Blog
Luksusowa prostota po belgijsku
Minimalizm, natura, szacunek do tego, co zastane, ale też duży luz. Chociaż brzmi jak lakoniczny opis projektowania w stylu skandynawskim, w rzeczywistości to podstawa filozofii urządzania wnętrz po belgijsku. To dużo mniej spopularyzowany nurt, który zasługuje na zainteresowanie, ponieważ z dala od błysku reflektorów od lat ma swoich wyznawców na całym świecie. Wymyka się chwilowym trendom przez co pozostaje ponadczasowy.
Pochwała niedoskonałości
Czym charakteryzują się wnętrza w stylu belgijskim, zwanym czasami „Belgian chic”? Nacisk kładziony jest na neutralną paletę barw uzupełnioną surowym, niewykończonym drewnem, lnem i naturalnymi teksturami. Ważne są faktury, który nadają wnętrzu głębię i ciepło. Przestrzenie są uporządkowane i proste, ozdabiają je minimalistyczne meble. Urządzone w tym stylu wnętrza są luksusowe, ale przede wszystkim można w nich żyć – forma jest równie ważna, co funkcja. Jednocześnie, choć w teorii mogą wydawać się chłodne, w praktyce jest zupełnie inaczej.

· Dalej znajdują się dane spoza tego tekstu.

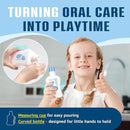 Mouthwash for Kids P113+ Peptide Anti Cavity Mouth Rinse Alcohol Free for Teeth and Gums Safe Oral Hygiene for Newborn to Toddler 11.08 fl oz (11.08 Fl oz, Strawberry) by CozyNest Decor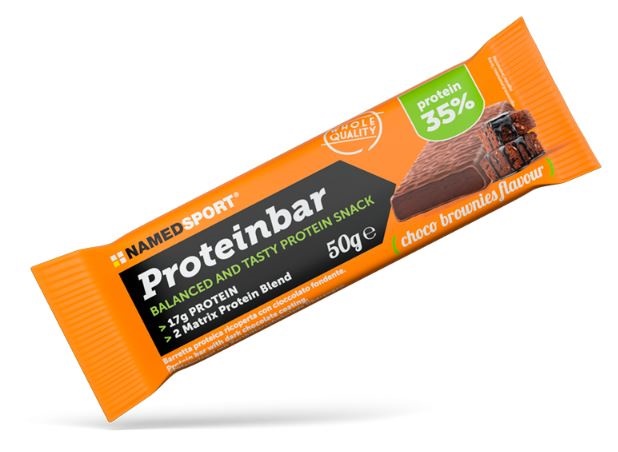 PROTEINBAR CHOCO BROWNIE BARRETTA 50 G - goldeneffe.it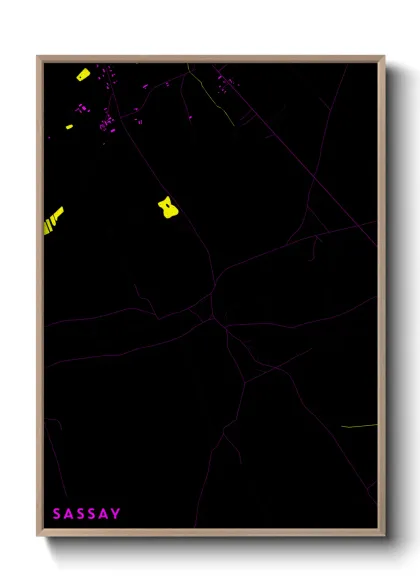 Une affiche de carte sur Sassay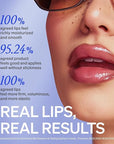 LipLock Jelly Serum for Dry Lips, Long-Lasting, Hydrating, Plumping, Glossy Mask with Rose PDRN, Carrot Collagen, Pillow Peptide, Moisturizing Tinted Lip Balm. (Crystal Clear)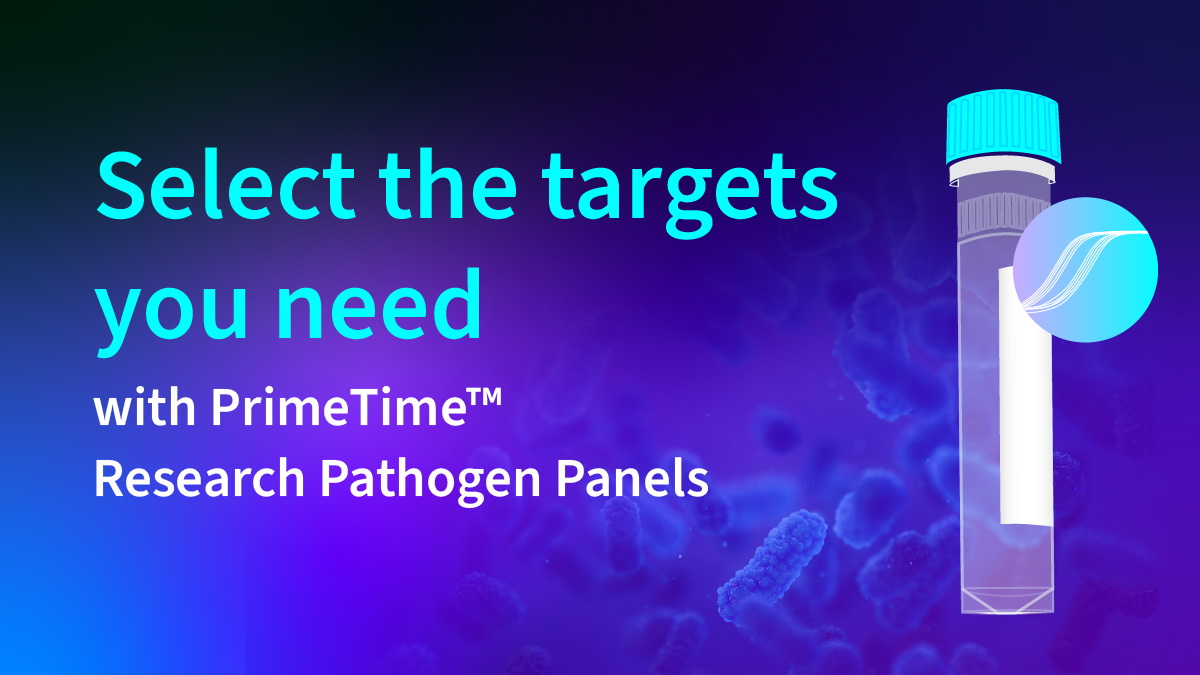 idtdna's tweet image. Our PrimeTime™ Research Pathogen Panels allow you to pick and choose the targets you need. Combine with our One-Step 4X Broad Range Master Mix for superior amplification from both purified and crude samples, achieving lower Ct values and higher endpoint fluorescence.
Discover…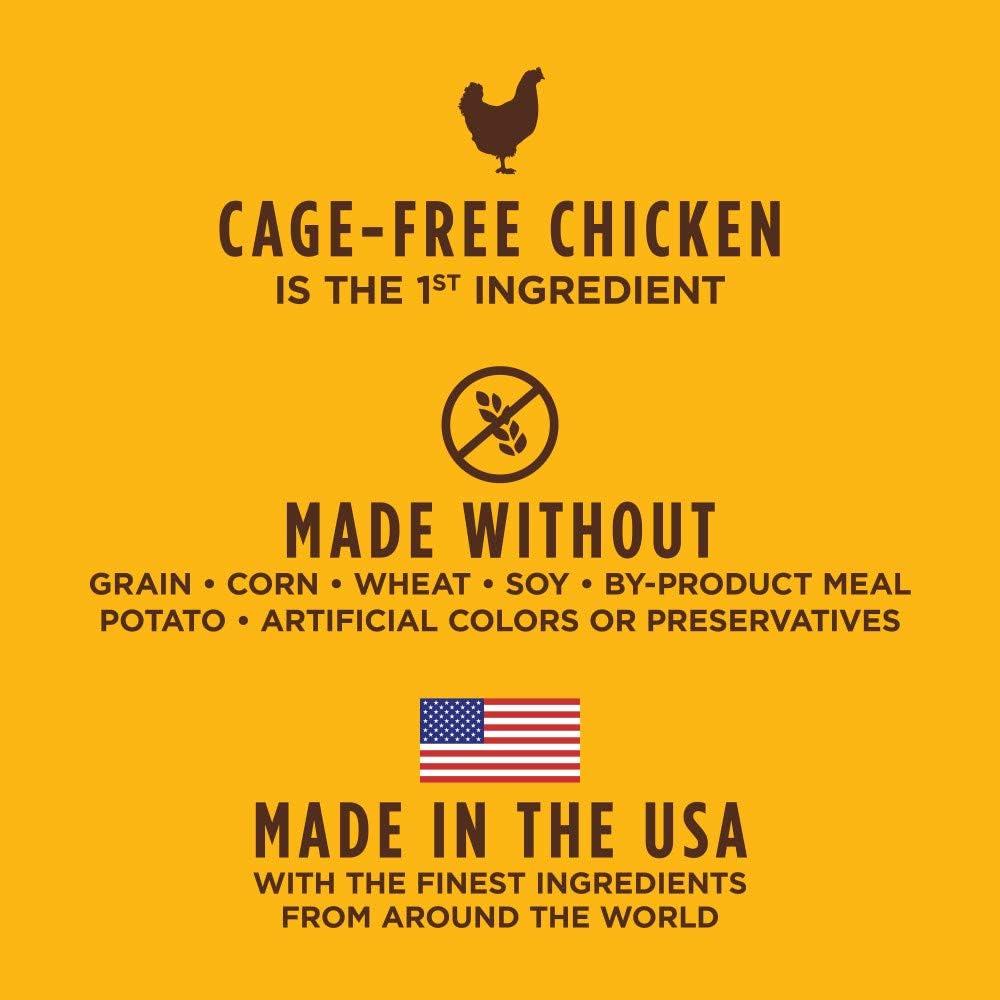 Instinct Original Dry Cat Food, Raw Coated Kibble, High Protein, Grain Free Recipe - Real Chicken, 5 lb. Bag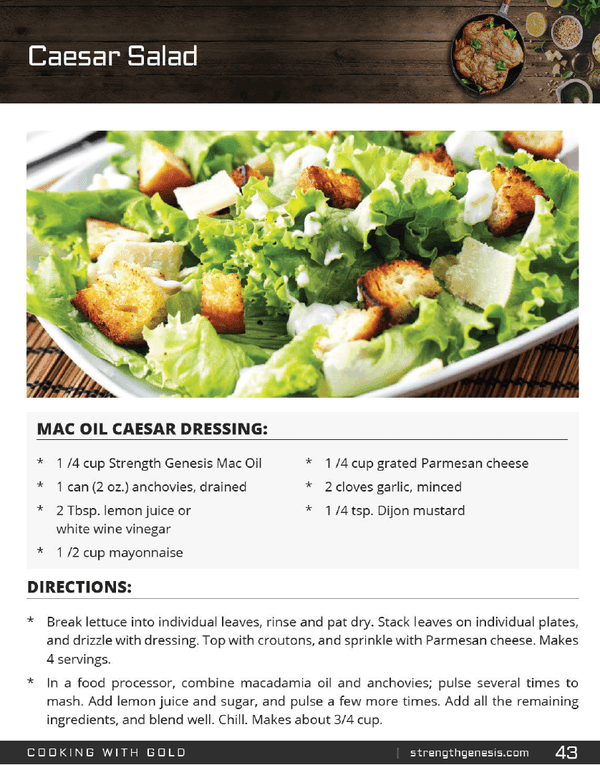 Caesar Salad Recipe Strength Genesis Cooking With Gold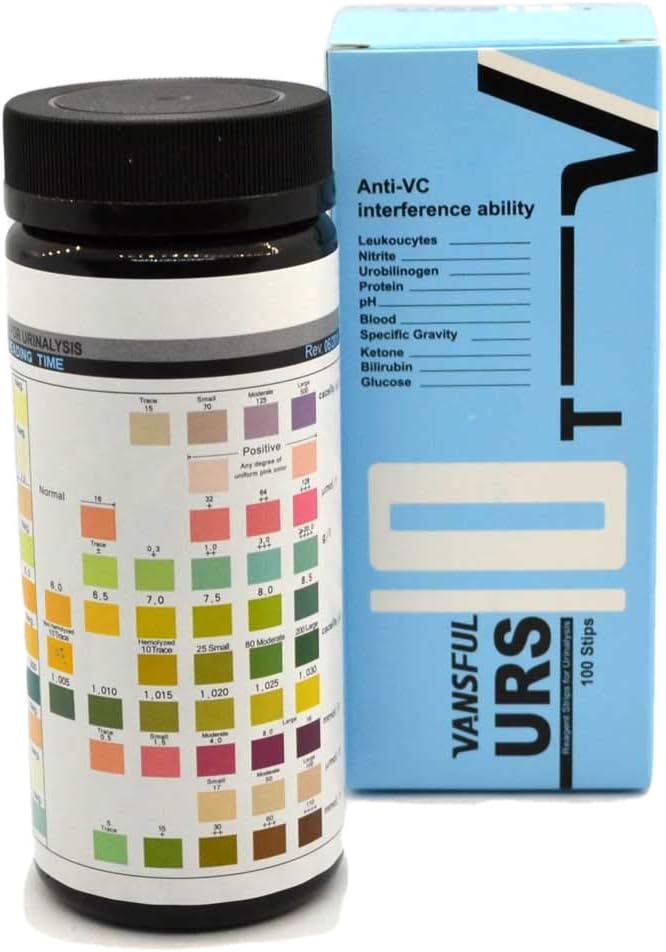 Cystitis Test Urine Infection Testing Strips by ALLTEST 10 Parameter Urine Dip Test (100 Test Strip Pack) for Blood Protein - Image 4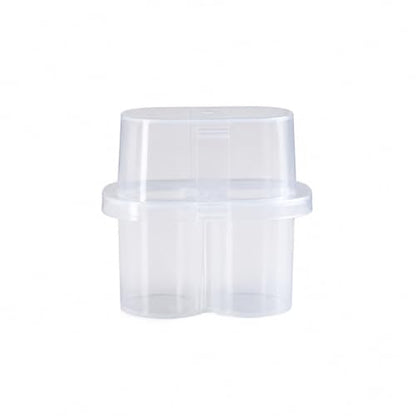 2 Slot, 3-Pack Peptide Case for Fridge, 3ml Vial Holder & Organizer, Transparent Peptide & Insulin Storage Case for Refrigerator, Compact Stackable Travel & Shipping Case - size: 2 Slot 3ml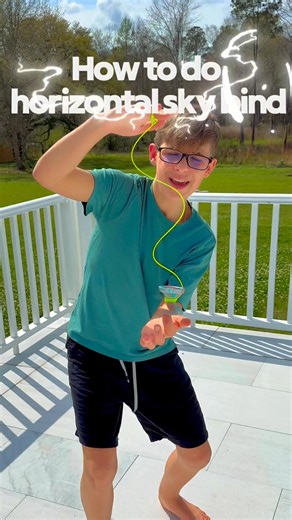 How to do horizontal sky bind #yoyo #yoyoing #fyp #viral #tutorial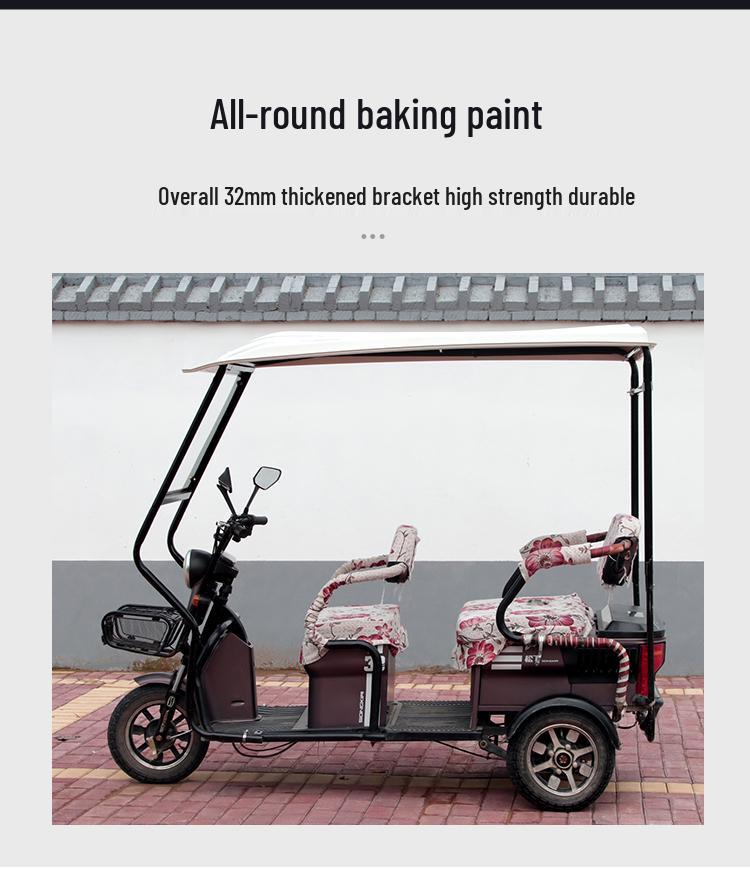 Helt Inneslutet Genomskinligt Regnskydd för Elektrisk Trehjuling MiniBuss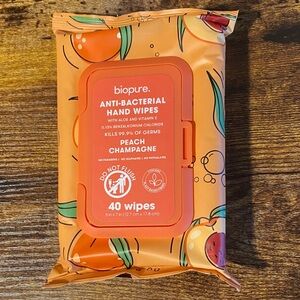 Peach Champagne Anti-Bacterial Hand Wipes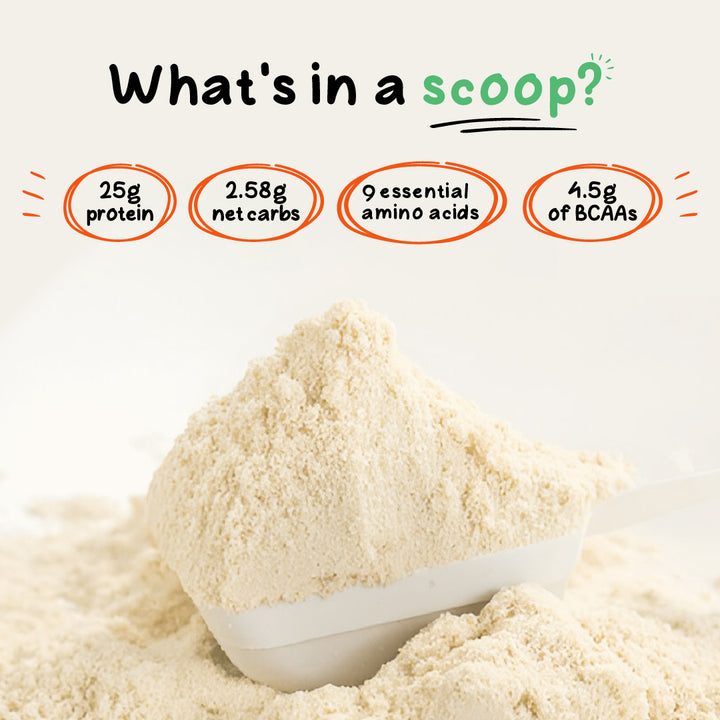 Be Odd Vegan Protein Powder Vanilla Flavored - 1kg.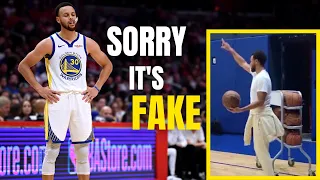 Warriors confirmed Steph Curry Viral Full Court Shot to be Fake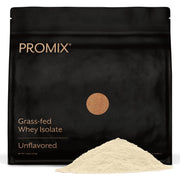 ProMix Nutrition Whey Protein Isolate Powder, Vanilla - Grass-Fed - ­Post Workout Fitness & Nutrition Shakes, Smoothies, Baking & Cooking Recipes - Gluten-Free & Keto-Friendly - 2.5 Pound (Pack of 1)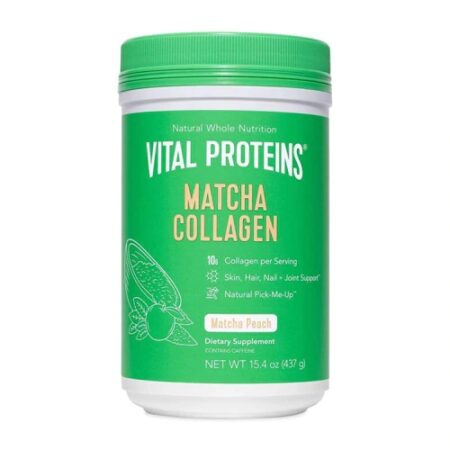 Vital Proteins Matcha Collagen Peach -- 24 Servings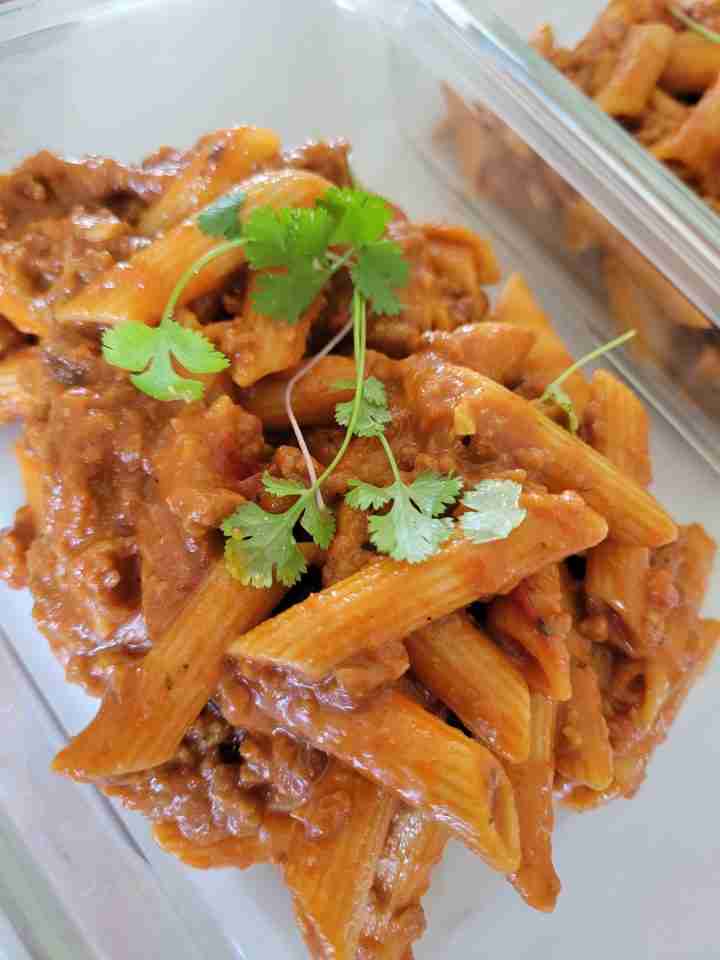 Vodka Penne Pasta Vegan and Protein Packed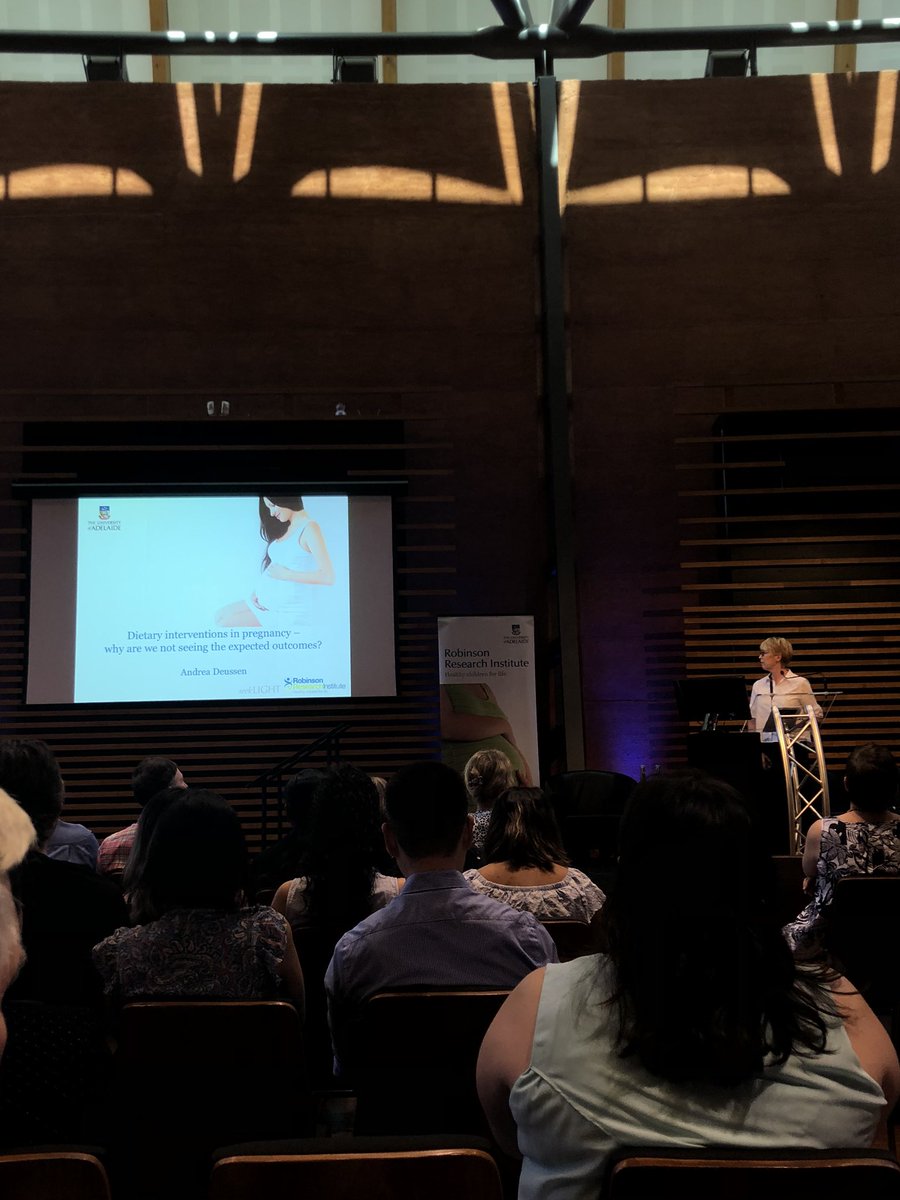 Darren_Repro's tweet photo. “Gestational weight gain (GWG) is non-modifiable by popular (dietary) interventions, with no effect on changing total GWG besides dietary quality” Andrea Deussen on the need to shift current paradigm to help patients better! #RRISym #pregnancyhealth https://t.co/lMY85o0vzF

Atmosferę w dużej mierze definiuje światło – zarówno to naturalne, jak zapewnione przez sztuczne oświetlenie. Ciepło zapewnia też wykorzystanie drewna, najlepiej starego, używanego, oczyszczonego, ale nie odnowionego na „wysoki połysk”.
Jedną z najbardziej znanych elementów tego stylu jest pokryta białym, lnianym pokrowcem sofa. Sam len jest jednym z najbardziej popularnych materiałów stosowanych w belgijskich projektach. Tkaniny lniane są świetną opcją na narzuty, poduszki, narzuty na sofę i zasłony, ponieważ tkanina nie wygląda na ciężką i zmiękcza pomieszczenie.
Ikony belgijskiego designu
Najbardziej znanym reprezentantem stylu belgijskiego jest Axel Vervoordt, urodzony w Antwerpii kolekcjoner, antykwariusz i projektant wnętrz. Projektuje na całym świecie, a jego klientami są członkowie rodzin królewskich, gwiazdy rocka, finansiści i artyści. Jednym z jego najbardziej „medialnych” projektów była kalifornijska rezydencja Kim Kardashian i Kanye West. Zrealizowany projekt to dom niebywale ascetyczne, a białe wnętrze stoi w opozycji do bardziej tradycyjnie rozumianego luksusu, na który zwykle decydują się gwiazdy. To również Vervoordt stoi za popularyzacją japońskiej filozofii wabi-sabi, która celebruje niedoskonałość.
Następcą Vervoordta jest o piętnaście lat młodszy Vincent Van Duysen, dla którego też niezwykle ważne jest odniesienie do kontekstu i tradycji, a przy okazji czysty, ponadczasowy design, w którym równorzędne role grają przestrzeń, tekstury i światło. Projektuje przedmioty użytkowe, sklepy (np. dla marki Aesop czy Alexandra Wanga) oraz oczywiście wnętrza prywatne. Jednym z jego bardziej znanych realizacji jest Graanmarkt 13, znajdujący się w Antwerpii dwupiętrowy concept store.
Trochę bardziej rustykalny, ale wciąż minimalistyczny design reprezentuje Karin Draaijer. W jej projektach pojawia się więcej kolorów, zabawy meblami i akcesoriami. Jej realizacjami warto się inspirować pod kątem realizacji domów wakacyjnych i rekreacyjnych.
Filozofię belgijskiego stylu najlepiej podsumowują słowa Axela Vervoordta z jednego z udzielonych przez niego wywiadów: „Nie wszystko powinno być idealne! To nie jest ludzkie, bo jako ludzie i tak jesteśmy niedoskonali. Chodzi o piękno niedoskonałości i odwagę, by się na tę niedoskonałość zgodzić. Ważne jest dla mnie łączenie piękna z praktycznością. Na początku ważne jest, aby swojego domu posłuchać i trochę podążać za jego stylem. Chcesz kochać swój dom, a dom powinien odwzajemniać miłość, pomiędzy wami powinna istnieć jedność”.